*Work required:* Without including the pictures, copy each line below exactly as it reads.

*Stored data:*
++++++

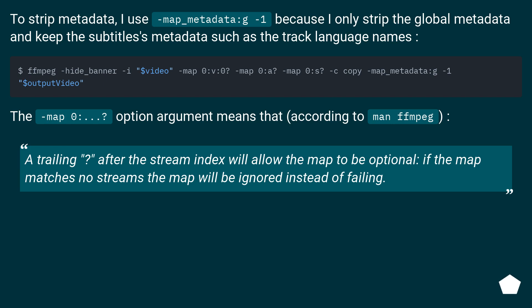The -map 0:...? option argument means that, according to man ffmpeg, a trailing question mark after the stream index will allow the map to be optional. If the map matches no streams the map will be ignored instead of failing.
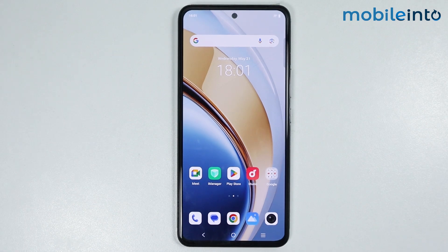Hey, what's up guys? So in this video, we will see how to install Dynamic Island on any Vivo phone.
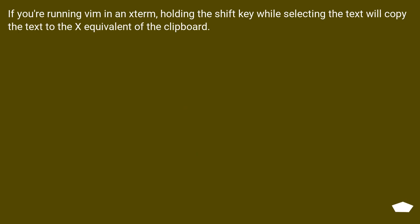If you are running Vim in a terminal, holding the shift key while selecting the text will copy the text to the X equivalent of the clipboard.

++++++

*Response area:*
The -map 0:...? option argument means that, according to man ffmpeg, a trailing question mark after the stream index will allow the map to be optional. If the map matches no streams the map will be ignored instead of failing.
Hey, what's up guys? So in this video, we will see how to install Dynamic Island on any Vivo phone.
If you are running Vim in a terminal, holding the shift key while selecting the text will copy the text to the X equivalent of the clipboard.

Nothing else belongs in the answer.